Towards Reliable Machine Learning for Health

February 20, 2020
3:00 - 4:00 pm
Halligan 102
Speaker: Shalmali Joshi
Host:

Abstract

Machine Learning (ML) has shown tremendous success in computer vision and natural language understanding. Despite this, advances in ML fall short when reliability for applications such as healthcare is considered. In particular, widely used domains such as multivariate time series data have not been investigated for reliability. Understanding how ML models learn can help identify vulnerabilities and lead to new approaches for improved reliability. In the first part of my talk, I propose a novel method to characterize the feature level importance of multivariate time series models. To understand how these models rely on features, I use an attribution method that leverages carefully designed perturbations using deep generative models. This is the first method to characterize observation-level importance over time for every individual feature in a multivariate time series model. In my second contribution, I demonstrate how the reliability of ML models can be improved by incorporating domain constraints. In particular, I show how to incorporate these constraints as noisy or weak supervision for learning phenotypes for chronic conditions using non-negative matrix factorization.

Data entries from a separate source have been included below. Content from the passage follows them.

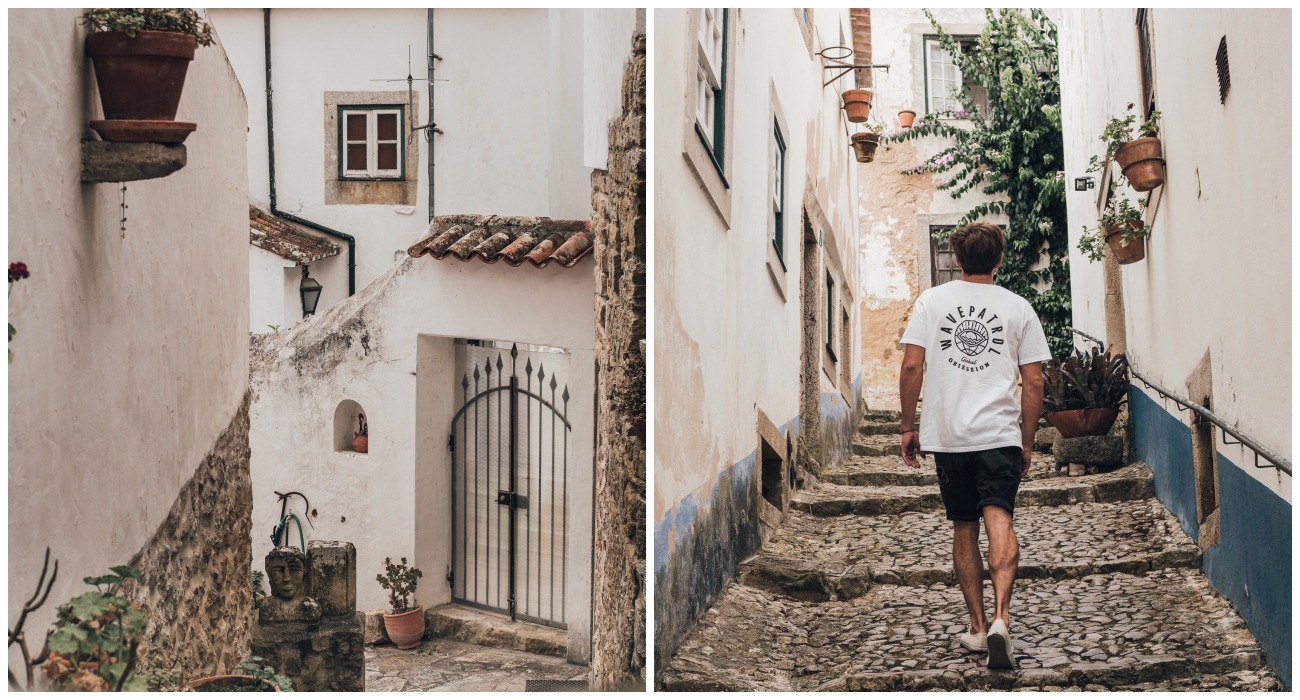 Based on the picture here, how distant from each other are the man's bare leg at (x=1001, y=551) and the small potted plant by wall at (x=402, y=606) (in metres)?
2.71

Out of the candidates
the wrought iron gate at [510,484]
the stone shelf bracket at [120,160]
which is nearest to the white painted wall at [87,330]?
the stone shelf bracket at [120,160]

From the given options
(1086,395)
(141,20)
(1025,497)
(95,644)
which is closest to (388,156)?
(141,20)

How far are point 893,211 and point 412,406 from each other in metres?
8.99

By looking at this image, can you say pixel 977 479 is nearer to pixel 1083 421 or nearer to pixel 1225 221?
pixel 1225 221

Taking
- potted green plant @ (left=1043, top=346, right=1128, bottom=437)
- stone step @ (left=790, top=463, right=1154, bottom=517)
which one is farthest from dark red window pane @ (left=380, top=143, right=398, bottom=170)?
potted green plant @ (left=1043, top=346, right=1128, bottom=437)

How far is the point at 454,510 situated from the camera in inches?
241

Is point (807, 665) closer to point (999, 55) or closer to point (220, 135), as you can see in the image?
point (220, 135)

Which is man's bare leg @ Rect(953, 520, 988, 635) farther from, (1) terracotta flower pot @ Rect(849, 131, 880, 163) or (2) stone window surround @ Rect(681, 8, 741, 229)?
(1) terracotta flower pot @ Rect(849, 131, 880, 163)

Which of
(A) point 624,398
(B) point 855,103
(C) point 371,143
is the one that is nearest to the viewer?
(A) point 624,398

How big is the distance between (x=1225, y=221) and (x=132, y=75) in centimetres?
379

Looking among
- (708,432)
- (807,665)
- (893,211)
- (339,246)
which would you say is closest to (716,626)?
(807,665)

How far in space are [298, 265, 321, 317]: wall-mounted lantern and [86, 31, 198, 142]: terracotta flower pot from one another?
2.66 metres

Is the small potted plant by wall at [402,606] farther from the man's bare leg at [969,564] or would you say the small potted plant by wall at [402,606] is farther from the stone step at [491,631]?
the man's bare leg at [969,564]

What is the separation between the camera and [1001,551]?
4242mm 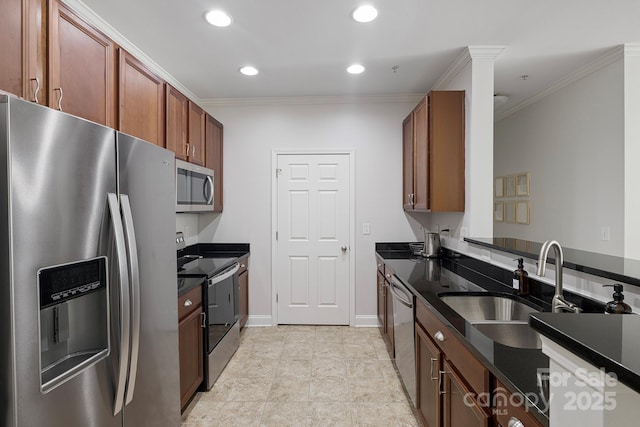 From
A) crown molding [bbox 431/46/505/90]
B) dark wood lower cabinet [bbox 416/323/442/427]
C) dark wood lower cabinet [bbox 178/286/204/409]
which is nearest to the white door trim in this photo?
crown molding [bbox 431/46/505/90]

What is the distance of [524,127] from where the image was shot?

The proposed framework enhances the identifiability of unsupervised methods and provides improved clinical relevance of the learned phenotypes. Finally, I demonstrate how to audit the reliability of the existing ML-based decision-making tools for target objectives such as fairness. To do so, I demonstrate the use of variational auto-encoder based generative models to provide algorithmic recourse for improving outcomes under ML-based decision-making systems. I end with a research vision of enhancing the reliability of ML tools by combining improved representations and scalable causal inference for applications ranging from supervised classification, reinforcement learning, and fair machine learning for healthcare.